### Task description:
Nothing but the images should be left out when the entries are restated word for word.

Stored data:
/---
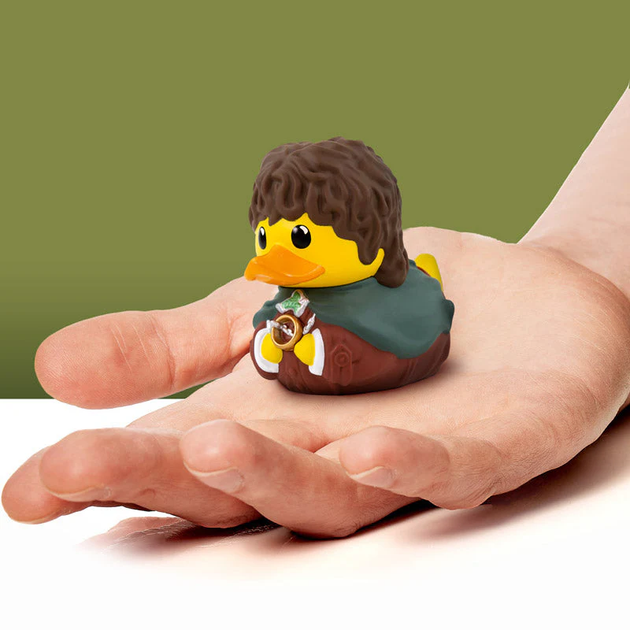 Фигурка Утка TUBBZ (Mini Edition) Властелина колец Фродо Lord of the Rings Frodo Baggins 4,5 см - изображение 2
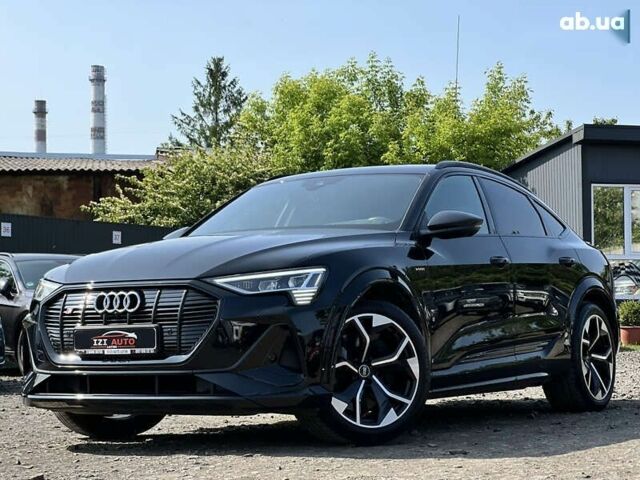 Ауди Q4 Sportback e-tron, объемом двигателя 0 л и пробегом 32 тыс. км за 46189 $, фото 3 на Automoto.ua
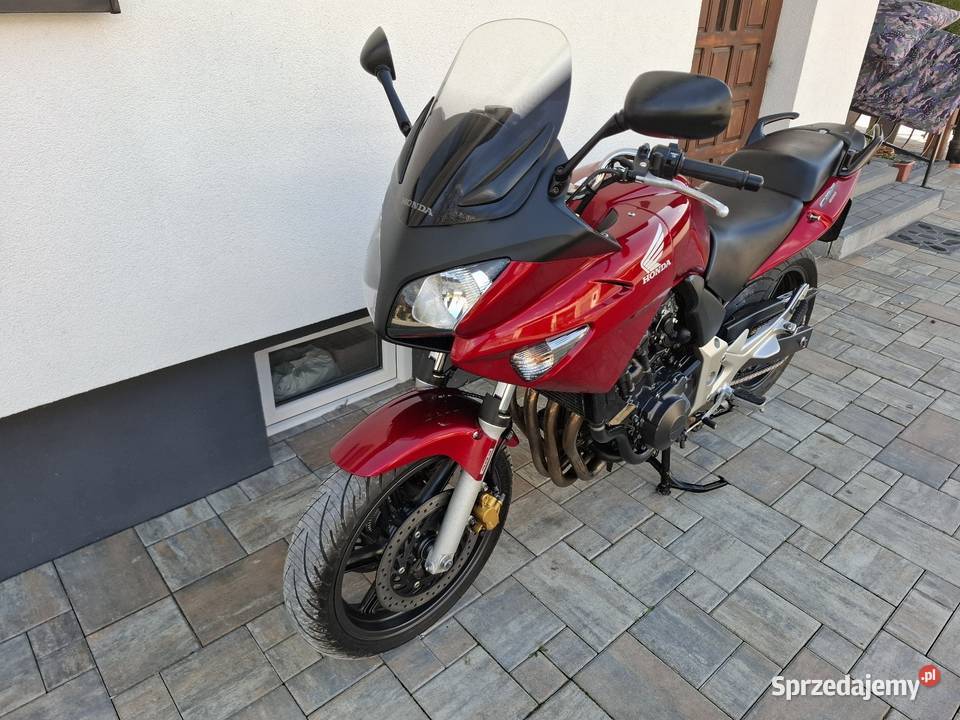 Honda cbf 600 abs 2006 42 okazja Chobrzany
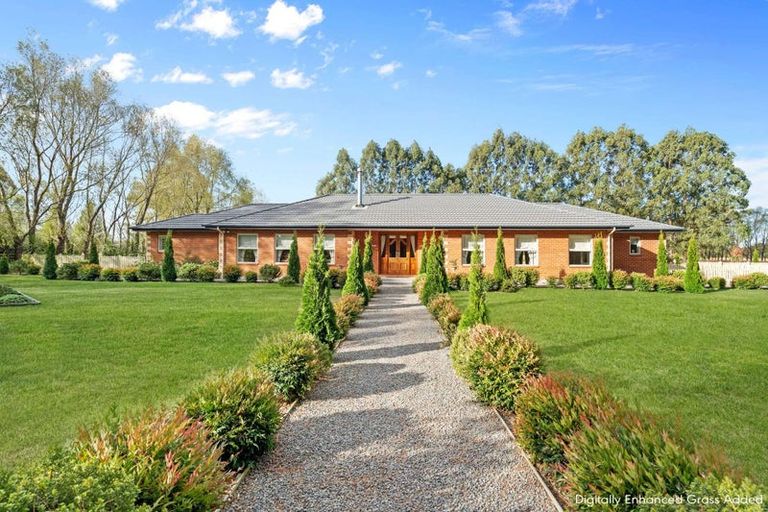 Photo of property in 1332 Wolffs Road, West Eyreton, Rangiora, 7475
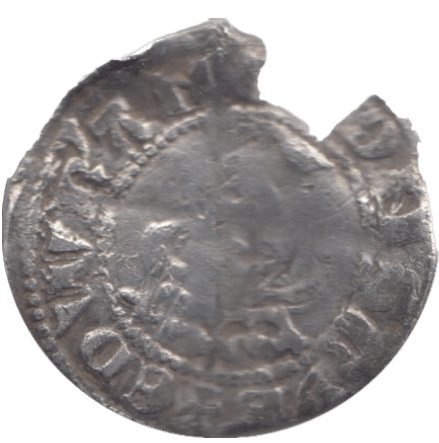 1327 SILVER LONDON MINT EDWARD III PENNY - HAMMERED COINS - Cambridgeshire Coins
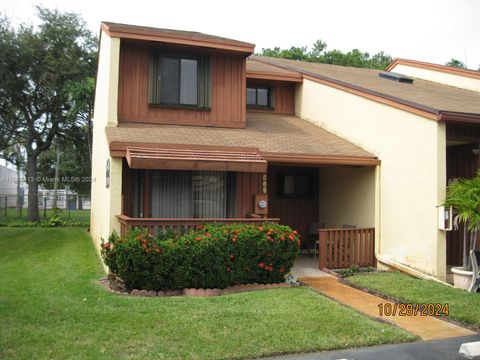 A home in Dania Beach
\---
### Task output:
 Фигурка Утка TUBBZ (Mini Edition) Властелина колец Фродо Lord of the Rings Frodo Baggins 4,5 см - изображение 2
 Ауди Q4 Sportback e-tron, объемом двигателя 0 л и пробегом 32 тыс. км за 46189 $, фото 3 на Automoto.ua
 Honda cbf 600 abs 2006 42 okazja Chobrzany
 Photo of property in 1332 Wolffs Road, West Eyreton, Rangiora, 7475
 1327 SILVER LONDON MINT EDWARD III PENNY - HAMMERED COINS - Cambridgeshire Coins
 A home in Dania Beach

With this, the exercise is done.